● **Task requirements**:
Make an exact copy, without pictures, of the lines below from the one containing "Usado Volvo XC40" to the last line, both ends included.

● **Dataset extract**:
────────────────────
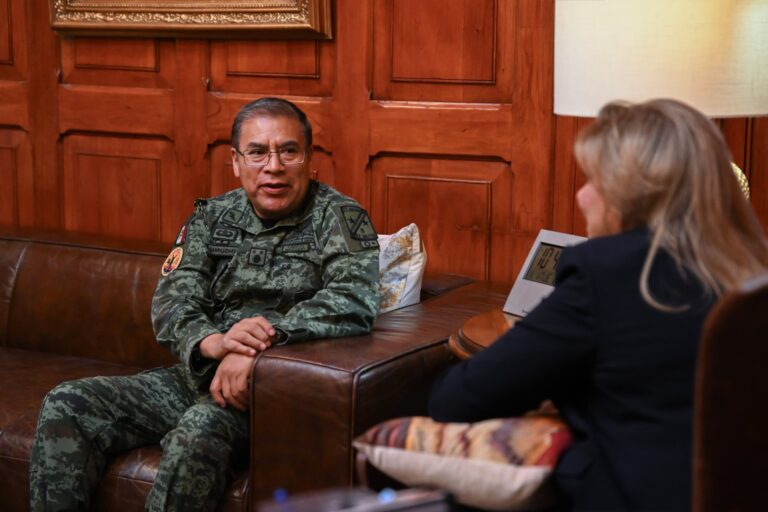 Maru Campos se reúne con comandante de la 5ta Zona Militar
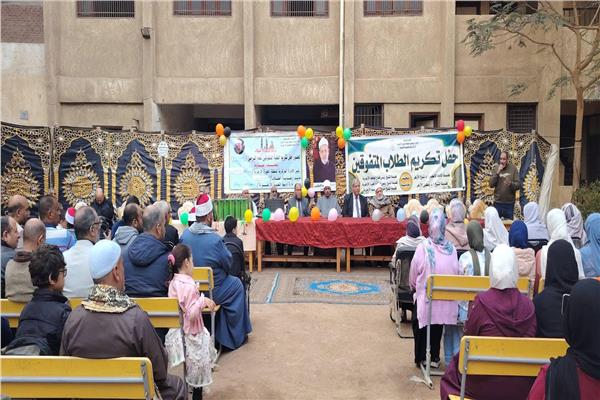 رئيس منطقة الجيزة الأزهرية يكرّم أوائل الشهادات بإدارة أوسيم التعليمية الأزهرية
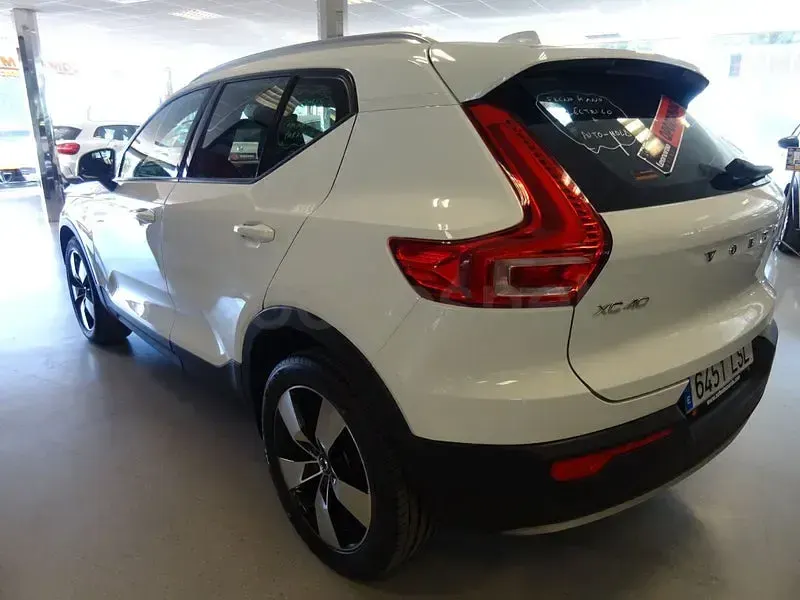 Usado Volvo XC40 Momentum 129 CV (94 kW) 2021 Blanco SUV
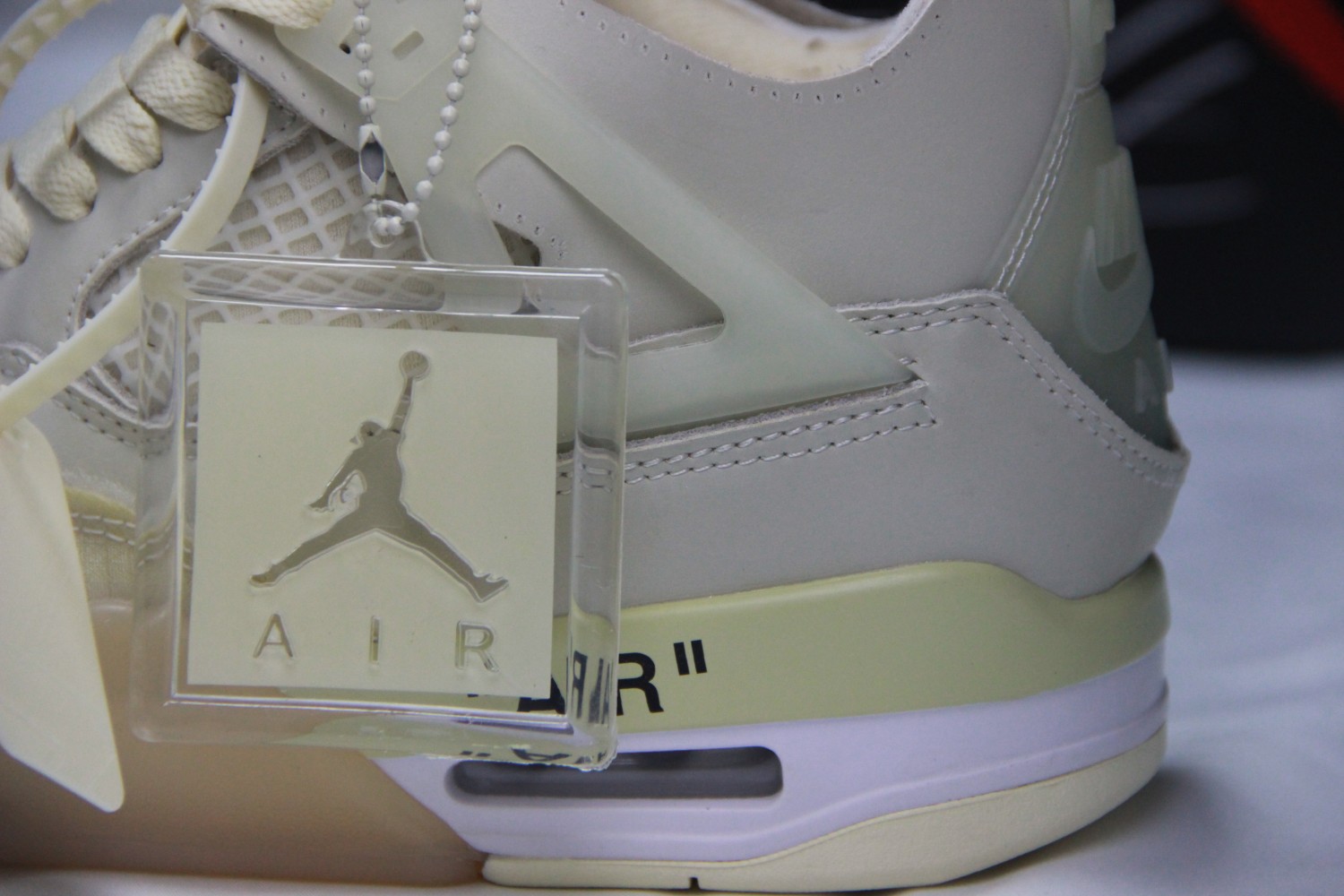 Air Jordan 4 Retro off-white sail CV9388-100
────────────────────
● **Reply to the task**:
 Usado Volvo XC40 Momentum 129 CV (94 kW) 2021 Blanco SUV
 Air Jordan 4 Retro off-white sail CV9388-100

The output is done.